TASK PROMPT: Restate word for word the opening line of the data below and every line after it until the line with "Pinto Check Me Out - Check Me Out billede 10", that line too, but not the pictures.

DATA PROVIDED:
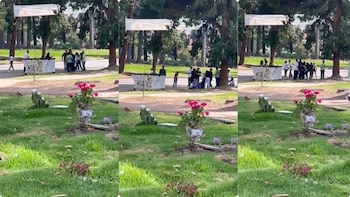 Ni a los muertos dejan descansar, captan pelea en cementerio del sur de Bogotá: “¿y la seguridad del cementerio?”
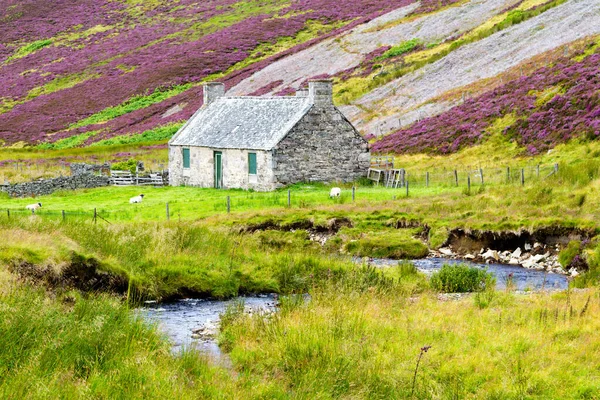 Lonely Hut Cairngorms National Park Scotland United Kingdom Great Britain — Stock Photo, Image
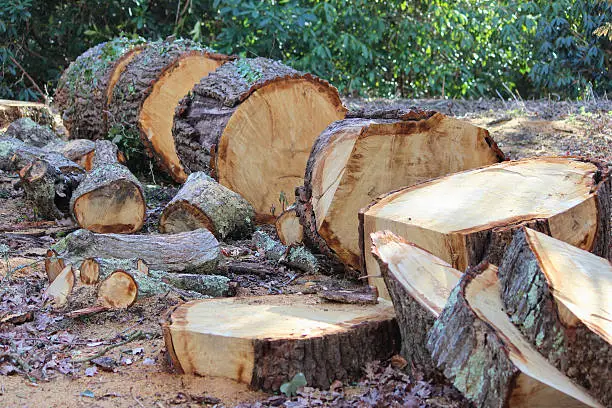 Photo showing a tree trunk of an English oak, pictured just after it has been felled and sliced into sections, each of which reveals the age of the actual tree due to the rings present.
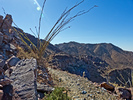 photo thumbnail #9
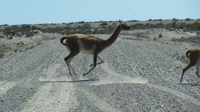 Guanacos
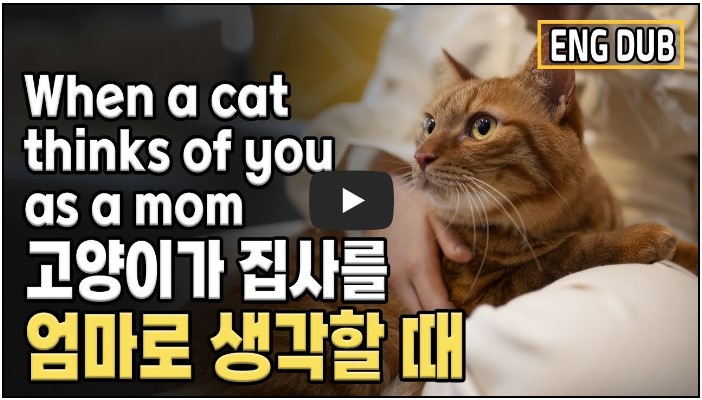 수의사 유튜버 추천 순위 TOP 10 9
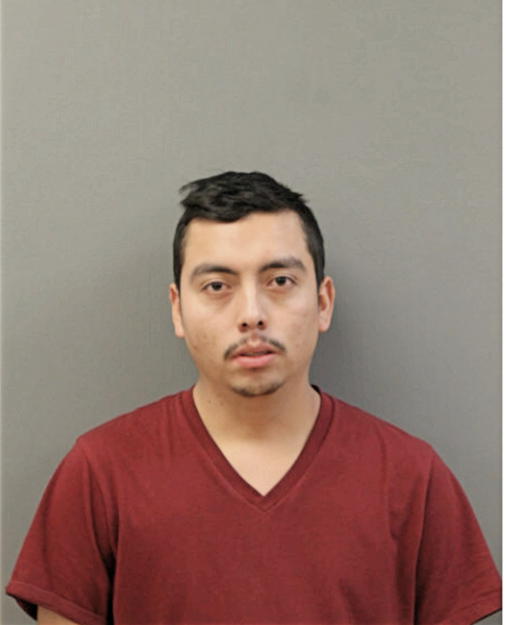 AGUSTIN FERNANDEZ, Cook County, Illinois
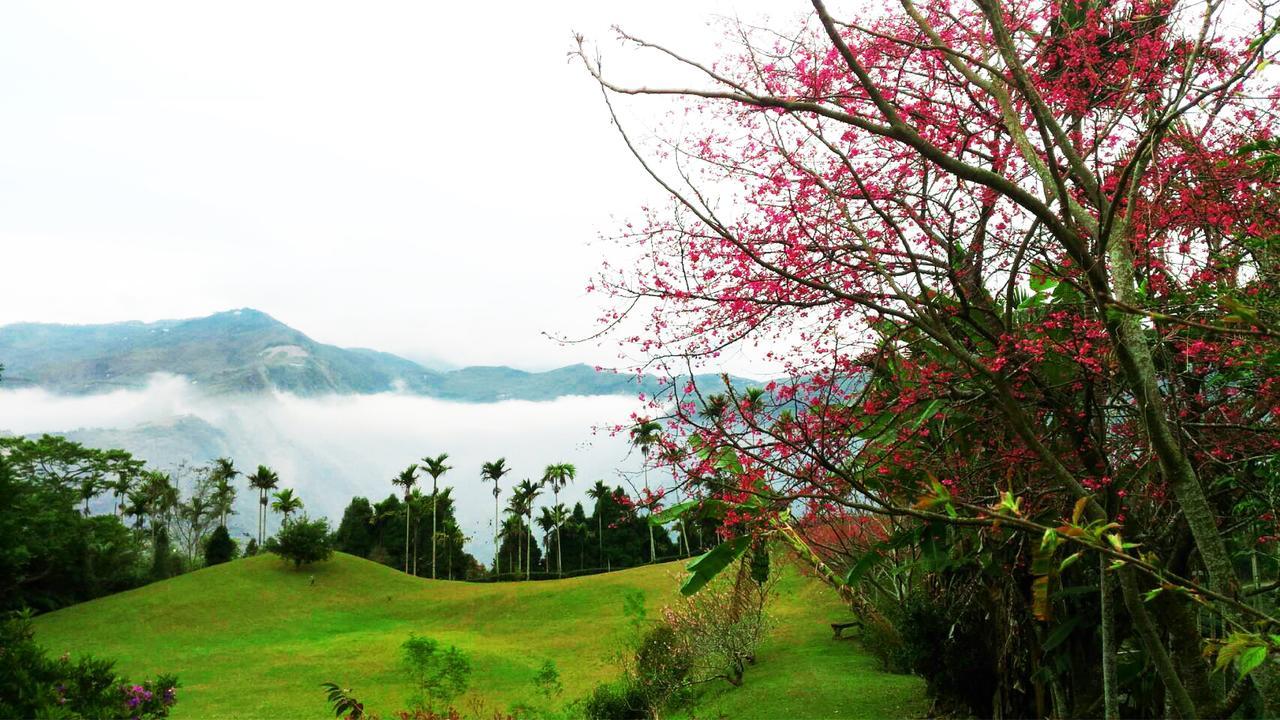 Foggy Wonderland Villa Zhushan Exteriör bild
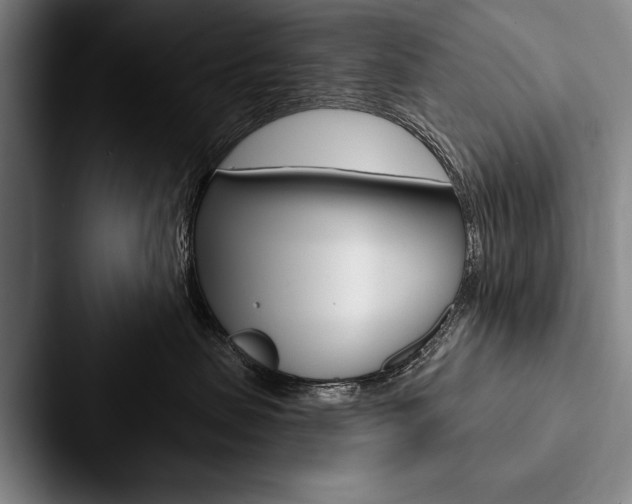 X0000088060479200705110917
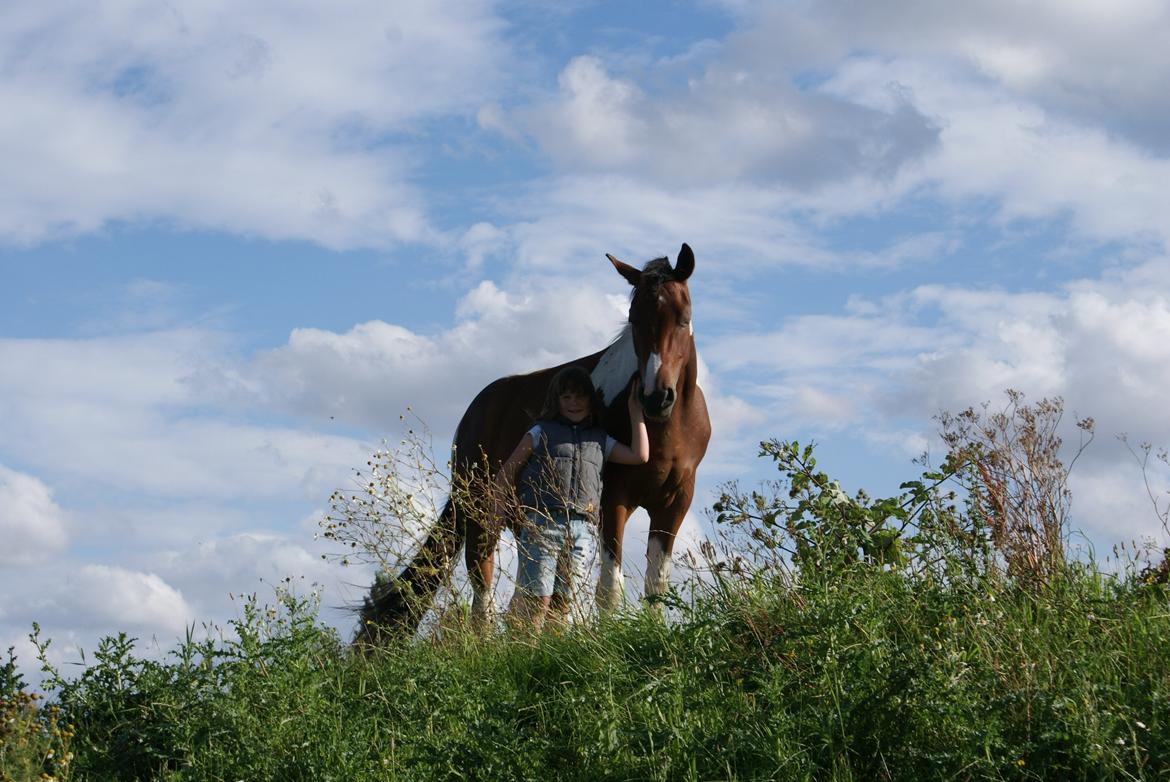 Pinto Check Me Out - Check Me Out billede 10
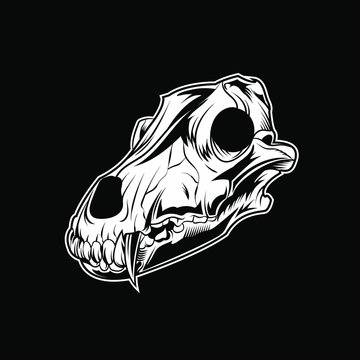 wolf skull vector illustration design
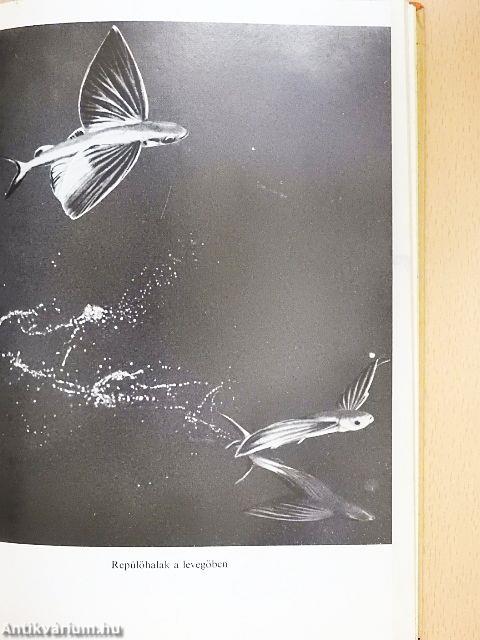 Különös állatvilág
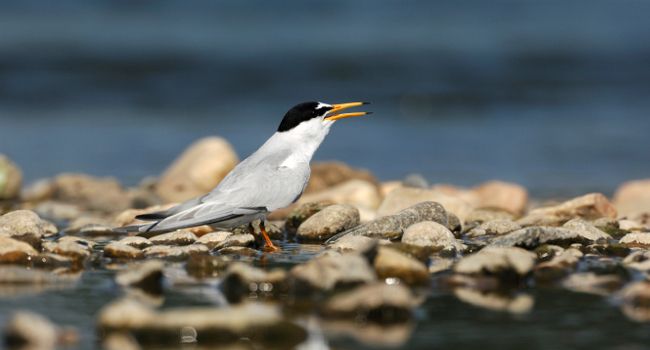 Sterne naine (Sternula albifrons) - Crédit photo : Fabrice Cahez / LPO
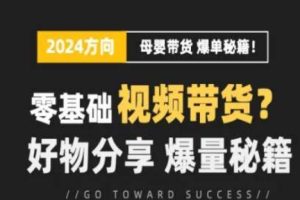 短视频母婴赛道实操流量训练营，零基础视频带货，好物分享，爆量秘籍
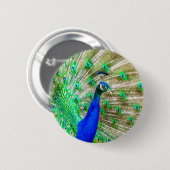Badge Rond 5 Cm Peacock Plumage (Devant & derrière)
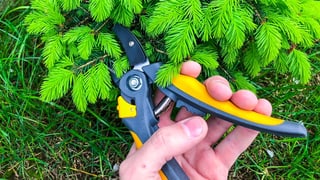 Gartenscheren im Test: Müheloses Schneiden gibt’s für wenig Geld  (Artikel enthält Video)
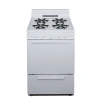 Premier 24" Gas Range In Silver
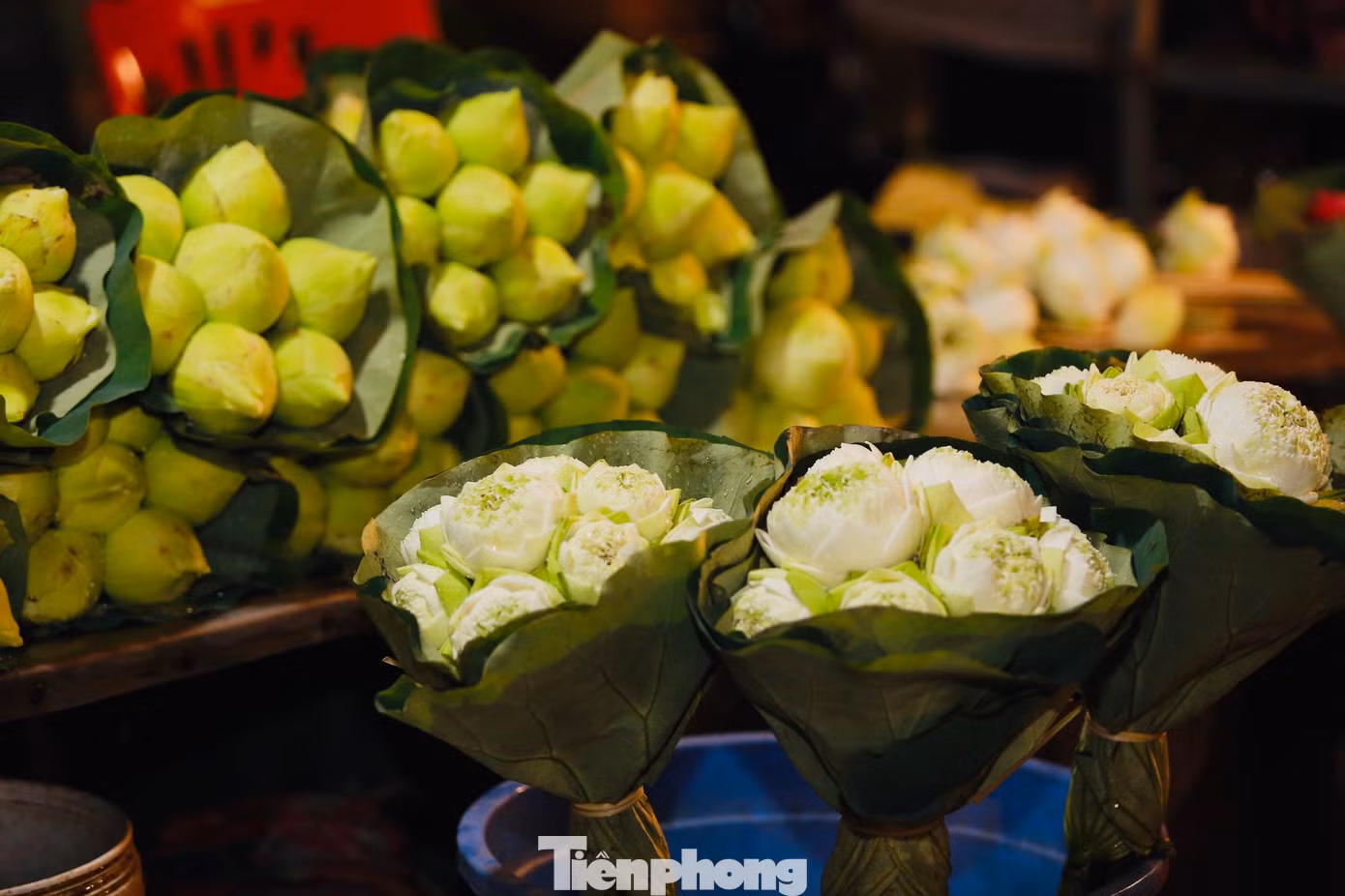 Chợ hoa lớn nhất Hà Nội có đa dạng các loại hoa khác nhau như hoa hồng, hoa cúc, hoa hướng dương, hoa sen, cẩm tú cầu… Các loại hoa đến từ nhiều vùng lân cận của trung tâm Hà Nội như: Phúc Yên, Gia Lâm, Đông Anh, Tây Tựu…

TASK ANSWER:
 Ni a los muertos dejan descansar, captan pelea en cementerio del sur de Bogotá: “¿y la seguridad del cementerio?”
 Lonely Hut Cairngorms National Park Scotland United Kingdom Great Britain — Stock Photo, Image
 Photo showing a tree trunk of an English oak, pictured just after it has been felled and sliced into sections, each of which reveals the age of the actual tree due to the rings present.
 photo thumbnail #9
 Guanacos
 수의사 유튜버 추천 순위 TOP 10 9
 AGUSTIN FERNANDEZ, Cook County, Illinois
 Foggy Wonderland Villa Zhushan Exteriör bild
 X0000088060479200705110917
 Pinto Check Me Out - Check Me Out billede 10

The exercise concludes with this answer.